Remembering Hiroshima and Nagasaki

Published in Editorial, Issue 5 (September/October 2018), Volume 26


August 2018 marked the 73rd anniversary of the ushering in of the nuclear age, with the dropping of atomic bombs on the Japanese cities of Hiroshima (on the 6th) and Nagasaki (on the 9th). Within twenty years all five permanent members of the UN Security Council (US, USSR, UK, France and China) were nuclear-armed, with enough weapons between them to ensure the destruction of the planet several times over; we became familiar with the chillingly apt acronym MAD—‘mutually assured destruction’.

Several other states looked set to follow, provoking a worldwide demand for nuclear non-proliferation. It is to Ireland’s eternal credit—and to that of Minister for External Affairs Frank Aiken in particular—that this small state was in the vanguard of these demands. From 1958 onwards Aiken tabled a number of non-proliferation resolutions at the UN, which laid the groundwork for the Treaty on the Non-Proliferation of Nuclear Weapons (NPT) ten years later. (In recognition of his role, Aiken was the first foreign minister to sign the treaty in Moscow in July 1968.)

While other states did subsequently acquire nuclear weapons (India, Pakistan and probably Israel), the NPT continues to be the cornerstone of the nuclear non-proliferation regime. Current concern has focused on the possibility of a ‘rogue’ state acquiring nuclear weapons, but the focus on proliferation and so-called ‘rogue’ states ignores the fact that 99% of the world’s nuclear weapons are in the hands of either the US or Russia, whose respective current foreign policies can hardly be described as ‘responsible’. The former has withdrawn from the Paris climate agreement, torn up the painstakingly negotiated Iran nuclear deal and generally adopted a simplistic zero-sum approach to foreign policy, while the latter has shown no respect for the sovereignty of its neighbours, with armed interventions in Georgia and Ukraine, including the annexation of Crimea, as well as an ongoing cyber war against sovereign states worldwide. ‘Roguish’ behavour in both cases, surely?

Meanwhile, the technology of mass destruction has not been standing still.

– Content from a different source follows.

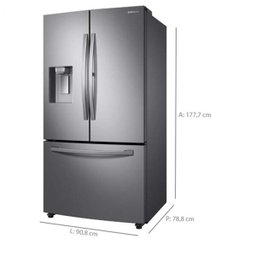 Refrigerador Samsung 530 Litros Frost Free Frech Door Inverter RF23R6301SR - 6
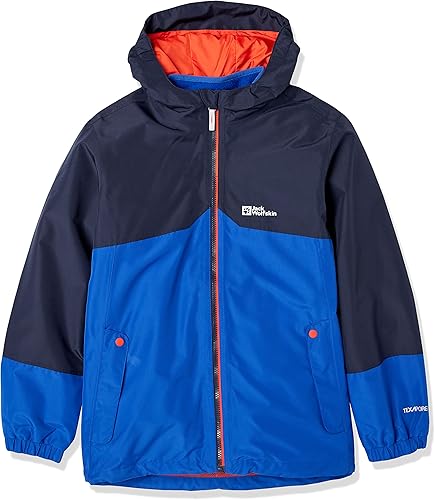 Jack Wolfskin G Islandia - Chaqueta impermeable 3 en 1 con cremallera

Recently China claimed to have successfully tested a hypersonic aircraft that could eventually be used to deliver warheads at six times the speed of sound. The US and Russia are not far behind in developing similar weapons, whose manoeuvrability and speed will make them difficult, if not impossible, to intercept, thus opening up the possibility of a pre-emptive strike. Frank Aiken must be turning in his grave!